In case someone has missed out on the news, I am moving to a new abode this week. I’ve already moved a few things in and Saturday will be a huge furniture moving day. My first night sleeping there will be tonight after my free viewing of the Killer Elite premiere. (So awesome.) Thomas will be coming with me so today is his last day of lonely freedom at Irish’s house. And last night was the final time that he will be jumping on the headboard and annoying us all night, since he’ll have to just curl up on the futon with me now.

I had been apartment hunting for a few months, then got really serious about it a month or so ago. I asked around on Facebook first and got a few hits, but only from people who don’t have jobs or the money to move out just yet. Which is totally understandable. Then I got on Roommates.com and did some searching. Most things were out of my price range, and unless I paid for a membership, I couldn’t receive messages from the people directly, so I had to send them a message with my email and hope they cared enough to get back to me. That didn’t work out too well. Then I hit Craigslist – a veritable gold mine of listings that I had somehow never used before. I replied to a bunch of people looking for roommates or renters, about 8 per day for a week or so.
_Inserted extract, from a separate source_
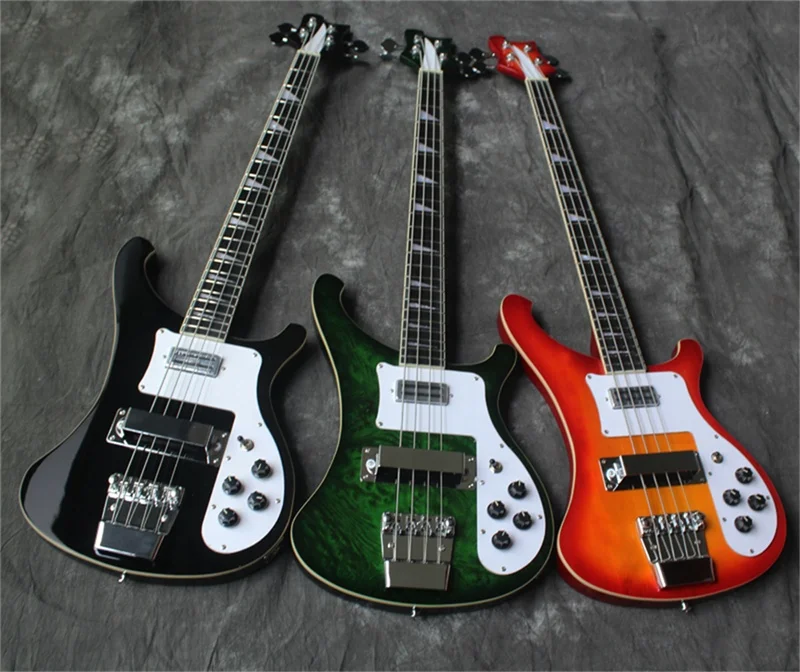 

high grade china made electric bass, electric bass guitar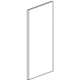Case Systems Pedestal Legs 362401 R2100362401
The first day of my search, I came upon a gem of a post that was so specific about what the girl wanted in a roommate that I just couldn’t pass it up. She clearly knew what it was like to have a crappy roommate. And she knew how to be an adult and deal with household problems. And she’d accept another pet in the house, since she has a dog. And she was looking for someone right away. And the rent wasn’t too high. So I dropped her a line. Not 30 minutes later, I received a heartfelt and excited reply confirming my hopes – the room was still available and she loved my email, which included a detailed description of my habits, interests, etc. So we setup a date and time to meet and for me to checkout the house. Yes, HOUSE. It’s a small townhouse. Not a crummy little apartment thing.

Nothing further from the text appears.